Thin film strategy enables achievement of interfacial multiferroic coupling through a mechanical channel in heterostructures consisting of a magnetoelastic and a piezoelectric component.[16] This type of heterostructure is composed of an epitaxial magnetoelastic thin film grown on a piezoelectric substrate. For this system, application of a magnetic field will induce a change in the dimension of the magnetoelastic film. This process, called magnetostriction, will alter residual strain conditions in the magnetoelastic film, which can be transferred through the interface to the piezoelectric substrate. Consequently, a polarization is introduced in the substrate through the piezoelectric process.

The overall effect is that the polarization of the ferroelectric substrate is manipulated by an application of a magnetic field, which is the desired magnetoelectric effect (the reverse is also possible). In this case, the interface plays an important role in mediating the responses from one component to another, realizing the magnetoelectric coupling.[17] For an efficient coupling, a high-quality interface with optimal strain state is desired. In light of this interest, advanced deposition techniques have been applied to synthesize these types of thin film heterostructures. Molecular beam epitaxy has been demonstrated to be capable of depositing structures consisting of piezoelectric and magnetostrictive components. Materials systems studied included cobalt ferrite, magnetite, SrTiO3, BaTiO3, PMNT.[18][19][20]

Flexomagnetoelectric effect[edit]

Magnetically driven ferroelectricity is also caused by inhomogeneous[21] magnetoelectric interaction. This effect appears due to the coupling between inhomogeneous order parameters. It was also called as flexomagnetoelectric effect.[22] Usually it is describing using the Lifshitz invariant (i.e. single-constant coupling term).[23] It was shown that in general case of cubic hexoctahedral crystal the four phenomenological constants approach is correct.[24] The flexomagnetoelectric effect appears in spiral multiferroics[25] or micromagnetic structures like domain walls[26] and magnetic vortexes.[27][28]

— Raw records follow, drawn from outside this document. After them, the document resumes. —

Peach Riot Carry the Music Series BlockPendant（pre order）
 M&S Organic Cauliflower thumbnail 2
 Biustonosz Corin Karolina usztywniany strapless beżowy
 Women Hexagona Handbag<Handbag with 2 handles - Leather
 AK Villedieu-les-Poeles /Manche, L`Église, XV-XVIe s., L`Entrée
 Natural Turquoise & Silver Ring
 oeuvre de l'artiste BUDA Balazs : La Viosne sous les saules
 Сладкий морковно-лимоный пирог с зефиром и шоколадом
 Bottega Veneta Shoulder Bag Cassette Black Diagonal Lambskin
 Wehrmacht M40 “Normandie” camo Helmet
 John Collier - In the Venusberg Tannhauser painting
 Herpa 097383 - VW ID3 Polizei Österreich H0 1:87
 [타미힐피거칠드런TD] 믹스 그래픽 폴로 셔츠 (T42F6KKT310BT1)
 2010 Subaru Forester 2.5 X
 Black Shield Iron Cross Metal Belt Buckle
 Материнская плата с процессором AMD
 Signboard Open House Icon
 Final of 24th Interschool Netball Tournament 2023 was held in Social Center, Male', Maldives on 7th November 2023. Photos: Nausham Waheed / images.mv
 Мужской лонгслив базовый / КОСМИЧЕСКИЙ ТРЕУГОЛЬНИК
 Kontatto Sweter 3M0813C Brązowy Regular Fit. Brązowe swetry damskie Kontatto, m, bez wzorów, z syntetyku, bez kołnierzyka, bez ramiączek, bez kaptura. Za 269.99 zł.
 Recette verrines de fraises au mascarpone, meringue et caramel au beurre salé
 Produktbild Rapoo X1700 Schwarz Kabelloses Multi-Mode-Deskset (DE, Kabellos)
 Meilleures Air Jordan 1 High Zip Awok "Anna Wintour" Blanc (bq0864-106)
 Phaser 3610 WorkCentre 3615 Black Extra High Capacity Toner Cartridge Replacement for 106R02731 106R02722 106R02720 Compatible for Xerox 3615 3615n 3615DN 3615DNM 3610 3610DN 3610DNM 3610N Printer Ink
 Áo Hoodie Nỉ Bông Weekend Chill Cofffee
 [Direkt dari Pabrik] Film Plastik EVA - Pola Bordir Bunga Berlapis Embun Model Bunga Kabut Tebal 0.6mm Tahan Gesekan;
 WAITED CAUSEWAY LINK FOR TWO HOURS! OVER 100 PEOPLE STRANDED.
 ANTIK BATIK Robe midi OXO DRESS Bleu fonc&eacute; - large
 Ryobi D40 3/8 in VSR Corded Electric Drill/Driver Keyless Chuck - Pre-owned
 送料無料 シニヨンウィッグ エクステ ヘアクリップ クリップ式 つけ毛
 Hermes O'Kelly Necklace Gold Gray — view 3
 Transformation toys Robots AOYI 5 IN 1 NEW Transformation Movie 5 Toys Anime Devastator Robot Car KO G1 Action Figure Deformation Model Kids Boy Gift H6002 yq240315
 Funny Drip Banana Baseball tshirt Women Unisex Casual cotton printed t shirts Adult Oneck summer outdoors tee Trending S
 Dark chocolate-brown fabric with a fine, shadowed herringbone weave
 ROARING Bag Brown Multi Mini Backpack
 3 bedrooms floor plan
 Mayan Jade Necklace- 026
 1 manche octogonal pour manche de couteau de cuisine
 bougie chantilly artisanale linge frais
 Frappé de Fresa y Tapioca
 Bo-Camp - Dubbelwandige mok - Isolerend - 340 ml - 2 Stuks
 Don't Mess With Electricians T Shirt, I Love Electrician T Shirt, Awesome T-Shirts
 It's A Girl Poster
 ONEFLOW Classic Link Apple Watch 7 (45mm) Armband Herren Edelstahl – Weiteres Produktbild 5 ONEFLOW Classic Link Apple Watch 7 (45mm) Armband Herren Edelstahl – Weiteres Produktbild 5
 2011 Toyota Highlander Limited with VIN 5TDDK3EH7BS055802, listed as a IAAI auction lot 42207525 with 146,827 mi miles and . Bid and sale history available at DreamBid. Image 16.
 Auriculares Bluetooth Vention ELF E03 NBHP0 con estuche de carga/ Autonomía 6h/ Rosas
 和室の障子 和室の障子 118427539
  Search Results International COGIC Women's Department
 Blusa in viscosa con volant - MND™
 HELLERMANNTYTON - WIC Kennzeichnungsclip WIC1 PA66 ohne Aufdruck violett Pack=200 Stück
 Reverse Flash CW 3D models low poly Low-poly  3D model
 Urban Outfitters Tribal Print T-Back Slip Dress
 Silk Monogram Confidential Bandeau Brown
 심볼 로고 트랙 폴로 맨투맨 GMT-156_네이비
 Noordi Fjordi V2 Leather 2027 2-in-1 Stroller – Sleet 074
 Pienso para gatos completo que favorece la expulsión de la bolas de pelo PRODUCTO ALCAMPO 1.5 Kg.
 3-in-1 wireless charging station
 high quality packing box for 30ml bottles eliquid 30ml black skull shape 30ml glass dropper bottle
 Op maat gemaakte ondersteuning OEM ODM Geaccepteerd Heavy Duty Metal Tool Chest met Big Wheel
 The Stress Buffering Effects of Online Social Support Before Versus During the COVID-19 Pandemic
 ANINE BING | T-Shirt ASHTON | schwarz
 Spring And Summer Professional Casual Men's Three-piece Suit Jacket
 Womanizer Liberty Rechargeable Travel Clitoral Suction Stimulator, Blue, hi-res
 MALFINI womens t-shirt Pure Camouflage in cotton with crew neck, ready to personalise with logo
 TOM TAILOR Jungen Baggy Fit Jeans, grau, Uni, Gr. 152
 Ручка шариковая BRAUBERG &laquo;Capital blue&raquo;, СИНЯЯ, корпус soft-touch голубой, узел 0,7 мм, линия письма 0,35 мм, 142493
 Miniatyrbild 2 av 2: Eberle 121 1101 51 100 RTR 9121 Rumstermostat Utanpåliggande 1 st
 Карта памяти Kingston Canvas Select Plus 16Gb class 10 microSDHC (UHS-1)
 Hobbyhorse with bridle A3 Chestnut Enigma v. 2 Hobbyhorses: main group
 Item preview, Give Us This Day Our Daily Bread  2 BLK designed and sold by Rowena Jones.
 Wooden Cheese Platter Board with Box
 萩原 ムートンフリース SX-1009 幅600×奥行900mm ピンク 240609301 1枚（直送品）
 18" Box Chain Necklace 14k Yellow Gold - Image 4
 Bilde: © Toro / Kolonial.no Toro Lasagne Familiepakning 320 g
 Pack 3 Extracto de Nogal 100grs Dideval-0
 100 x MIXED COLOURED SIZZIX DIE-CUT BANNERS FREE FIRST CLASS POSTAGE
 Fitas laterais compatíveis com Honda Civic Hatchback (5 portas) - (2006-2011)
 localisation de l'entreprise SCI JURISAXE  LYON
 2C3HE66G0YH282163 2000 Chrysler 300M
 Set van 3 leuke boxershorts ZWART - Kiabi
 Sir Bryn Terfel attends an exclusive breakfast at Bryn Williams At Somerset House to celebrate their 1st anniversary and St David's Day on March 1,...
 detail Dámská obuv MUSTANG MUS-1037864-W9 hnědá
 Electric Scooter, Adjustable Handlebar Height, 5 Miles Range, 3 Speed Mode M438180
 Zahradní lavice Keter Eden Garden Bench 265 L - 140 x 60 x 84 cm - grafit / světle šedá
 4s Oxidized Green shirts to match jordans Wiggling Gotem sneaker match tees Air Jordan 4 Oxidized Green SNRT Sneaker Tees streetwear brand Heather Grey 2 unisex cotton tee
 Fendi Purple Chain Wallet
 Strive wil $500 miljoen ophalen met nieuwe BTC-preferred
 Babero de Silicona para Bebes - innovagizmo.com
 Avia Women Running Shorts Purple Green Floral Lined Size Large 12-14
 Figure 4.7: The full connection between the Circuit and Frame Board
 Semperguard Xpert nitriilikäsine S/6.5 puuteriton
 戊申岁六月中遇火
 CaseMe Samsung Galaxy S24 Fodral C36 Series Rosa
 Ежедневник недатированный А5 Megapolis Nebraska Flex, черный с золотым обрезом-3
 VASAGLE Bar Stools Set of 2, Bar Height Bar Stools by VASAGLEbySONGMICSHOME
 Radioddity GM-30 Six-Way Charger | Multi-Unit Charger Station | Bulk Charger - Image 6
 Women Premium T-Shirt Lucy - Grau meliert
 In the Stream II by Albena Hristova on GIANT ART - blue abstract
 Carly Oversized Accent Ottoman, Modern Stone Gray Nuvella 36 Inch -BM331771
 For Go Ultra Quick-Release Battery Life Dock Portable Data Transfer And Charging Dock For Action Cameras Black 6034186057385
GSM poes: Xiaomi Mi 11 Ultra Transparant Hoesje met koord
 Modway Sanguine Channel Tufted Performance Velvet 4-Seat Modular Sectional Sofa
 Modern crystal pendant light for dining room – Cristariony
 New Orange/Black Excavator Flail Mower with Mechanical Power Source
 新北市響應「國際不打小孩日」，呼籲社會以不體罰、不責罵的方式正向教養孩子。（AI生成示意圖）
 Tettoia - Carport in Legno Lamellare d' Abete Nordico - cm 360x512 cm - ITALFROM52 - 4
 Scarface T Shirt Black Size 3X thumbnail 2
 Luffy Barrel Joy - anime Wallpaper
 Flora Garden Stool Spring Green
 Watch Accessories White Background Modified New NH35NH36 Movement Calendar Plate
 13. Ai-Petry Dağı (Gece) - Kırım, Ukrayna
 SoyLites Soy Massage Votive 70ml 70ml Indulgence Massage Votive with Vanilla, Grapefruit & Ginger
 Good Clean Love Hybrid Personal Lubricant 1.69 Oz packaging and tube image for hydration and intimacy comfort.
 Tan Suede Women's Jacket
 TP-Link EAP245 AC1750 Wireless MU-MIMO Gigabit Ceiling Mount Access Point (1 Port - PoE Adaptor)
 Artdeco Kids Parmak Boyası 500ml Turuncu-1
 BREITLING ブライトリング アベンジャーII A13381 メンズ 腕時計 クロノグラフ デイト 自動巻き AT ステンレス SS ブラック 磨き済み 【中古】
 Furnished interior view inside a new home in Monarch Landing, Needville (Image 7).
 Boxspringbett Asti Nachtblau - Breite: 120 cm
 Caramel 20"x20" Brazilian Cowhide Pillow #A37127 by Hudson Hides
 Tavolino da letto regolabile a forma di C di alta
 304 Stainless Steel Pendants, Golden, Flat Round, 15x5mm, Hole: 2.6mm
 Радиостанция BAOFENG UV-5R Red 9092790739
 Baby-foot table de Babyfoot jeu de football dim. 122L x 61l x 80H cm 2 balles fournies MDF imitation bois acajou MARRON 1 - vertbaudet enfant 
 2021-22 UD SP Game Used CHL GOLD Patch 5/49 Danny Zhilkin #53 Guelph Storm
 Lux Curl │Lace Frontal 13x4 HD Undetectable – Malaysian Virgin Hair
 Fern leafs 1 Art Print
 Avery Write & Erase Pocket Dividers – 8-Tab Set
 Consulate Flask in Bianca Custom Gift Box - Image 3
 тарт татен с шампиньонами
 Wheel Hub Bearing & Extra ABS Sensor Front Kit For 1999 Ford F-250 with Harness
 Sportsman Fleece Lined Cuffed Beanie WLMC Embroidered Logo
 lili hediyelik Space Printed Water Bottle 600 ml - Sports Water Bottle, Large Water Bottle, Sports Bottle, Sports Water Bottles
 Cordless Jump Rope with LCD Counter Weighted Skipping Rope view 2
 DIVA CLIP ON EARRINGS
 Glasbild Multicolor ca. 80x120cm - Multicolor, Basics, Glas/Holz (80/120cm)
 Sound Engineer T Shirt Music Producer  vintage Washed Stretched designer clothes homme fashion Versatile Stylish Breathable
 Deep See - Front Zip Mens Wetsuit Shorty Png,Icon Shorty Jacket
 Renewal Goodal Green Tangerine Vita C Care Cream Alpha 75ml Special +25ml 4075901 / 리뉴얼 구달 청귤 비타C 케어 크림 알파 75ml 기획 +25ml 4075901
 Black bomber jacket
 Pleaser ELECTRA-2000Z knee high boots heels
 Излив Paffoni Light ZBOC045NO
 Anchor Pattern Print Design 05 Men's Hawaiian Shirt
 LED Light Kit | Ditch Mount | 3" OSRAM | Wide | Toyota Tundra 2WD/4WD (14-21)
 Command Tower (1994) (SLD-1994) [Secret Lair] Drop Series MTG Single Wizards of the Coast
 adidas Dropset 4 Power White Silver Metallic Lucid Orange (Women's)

Ferroelectricity developed from micromagnetic structure can appear in any magnetic material even in centrosymmetric one.[29] Building of symmetry classification of domain walls leads to determination of the type of electric polarization rotation in volume of any magnetic domain wall. Existing symmetry classification[30] of magnetic domain walls was applied for predictions of electric polarization spatial distribution in their volumes.[31][32] The predictions for almost all symmetry groups conform with phenomenology in which inhomogeneous magnetization couples with homogeneous polarization. The total synergy between symmetry and phenomenology theory appears if energy terms with electrical polarization spatial derivatives are taken into account.[33]